**MATERIAL PROVIDED**
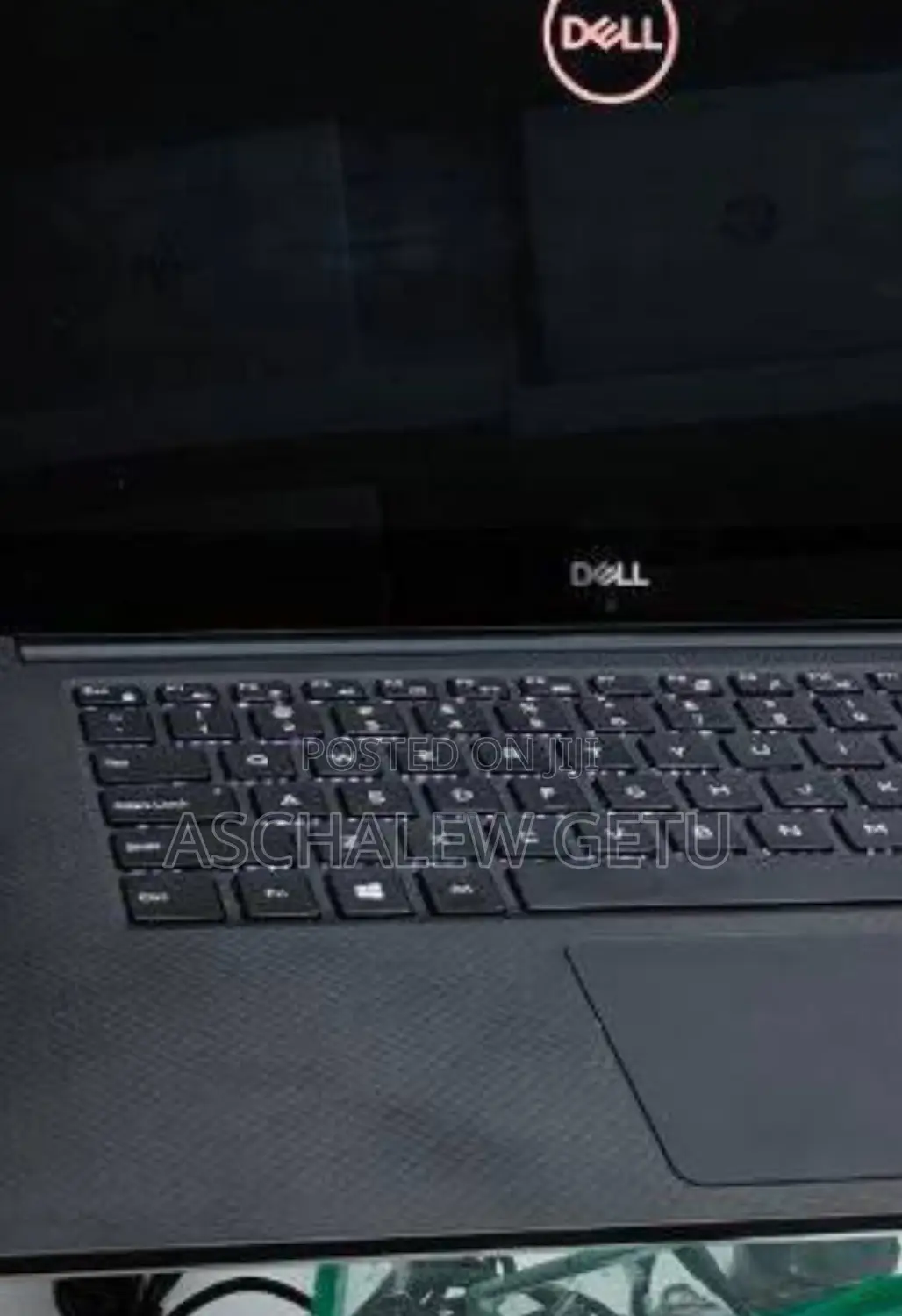 New Laptop Dell Precision 5540 16GB Intel Core I9 SSD 512GB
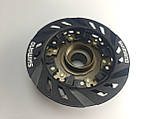 Тріщотка Shimano MF-TZ500-7 Зірочка семирик Shimano 7 швидкостей, фото 7
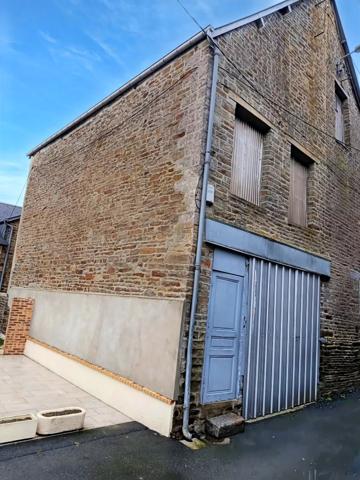 Immobilier Saint-Germain-du-Crioult (14110) – Maison 114m2 – 114 800 €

**TASK DETAILS**
Without including any picture, reproduce the material above word for word.

**ANSWER**
 New Laptop Dell Precision 5540 16GB Intel Core I9 SSD 512GB
 Тріщотка Shimano MF-TZ500-7 Зірочка семирик Shimano 7 швидкостей, фото 7
 Immobilier Saint-Germain-du-Crioult (14110) – Maison 114m2 – 114 800 €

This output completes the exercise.